THE POP-EMO BAND will have bookended its comeback with performances at both the 2013 NBA All-Star Game in Houston and the halftime show of the 2014 Pro Bowl. Lyricist and bassist Pete Wentz, a former all-state high school soccer player at New Trier (Ill.) High School who says the 1985 Bears Super Bowl Shuffle "was probably the first song I ever knew all the words to" explains how integrating its songs into sports -- especially during the Stanley Cup run of the Blackhawks, the band's hometown team -- helped transform "My Songs Know What You Did in the Dark (Light 'Em Up)" into the year's biggest arena anthem. It was a particular thrill for Wentz.

We had a sense that "Light 'Em Up" could be a kind of sports song when we were writing it. We've tried to do that before, but those songs never even make it on the album. It has to be way more organic because people can smell a fake.

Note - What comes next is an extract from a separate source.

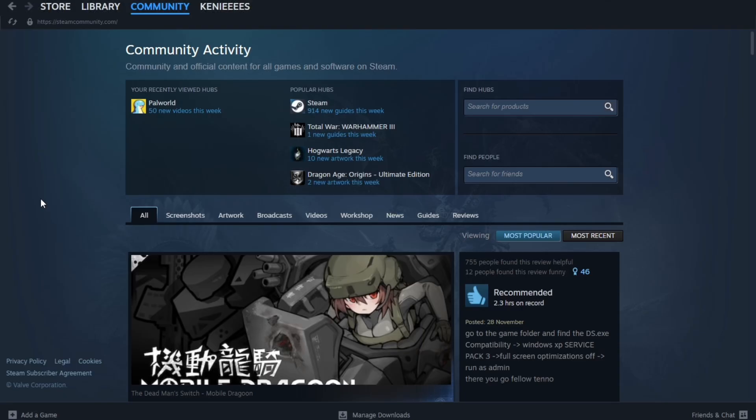Hey everyone, in this video I'm going to show you how to check if your computer can run a Steam game.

You're always trying to write those big songs regardless, and they just become sports anthems on their own.

Ten years ago, genre in music was so built up that people would say, "You can't do a remix with 2 Chainz at an NBA event." But sports is now unique in that music genre matters less. The players and crowds like rock, hip-hop, pop, a little bit of everything. We knew we had something with "Light 'Em Up" because our rock friends said it sounded like hip-hop and our hip-hop friends said it sounded real heavy.

A lot of people think music is done. The old model of how to do things is done. But music is more present now than ever in people's lives. They associate moments of their life with specific songs. So integrating your music into the texture of a larger experience, like a sporting event, is important. "Empire State of Mind" and Jay Z and the Yankees are a thing. Forever. The music and the experience become interwoven. That's powerful.

So when we reached out to the NBA for our first big televised appearance for "Light 'Em Up" and they agreed, it was a big deal. The song hadn't yet become something that high school marching bands would cover or people sang to me at 3 a.m. at Walmart. And here I am looking out at the crowd and seeing Drake and Kobe. Later, I sat next to one of Bill Russell's family members and had a sweet, fun interaction. I'm not sure any of them knew who we were, but it was cool and humbling to be a part of it.

After the All-Star Game, the song started getting played in stadiums, especially here in Chicago during the playoffs. There's nothing like hearing your song in a stadium, especially during a rally moment. It's different from hearing it on the radio for the first time. You get this whole different kind of shiver. People are singing the whoa-ohh part and it's so much more primal, so much more fanatical, so loud and so big. You hold your head up high when they put your song on the Jumbotron and people in your hometown get behind it.

It all culminated for us at Riot Fest in September. A hometown show with 40,000 people and the Stanley Cup shows up on our stage? And we helped a little with this? Insane. We're in the middle of a new model of mixing sports and music, and a lot of it is still uncharted territory. When it works, it takes both sides to a whole other plane.

It always comes back to doing interesting things that are new. Like, the next NBA dunk contest? I want to be on someone's shoulders playing guitar while they're dunking.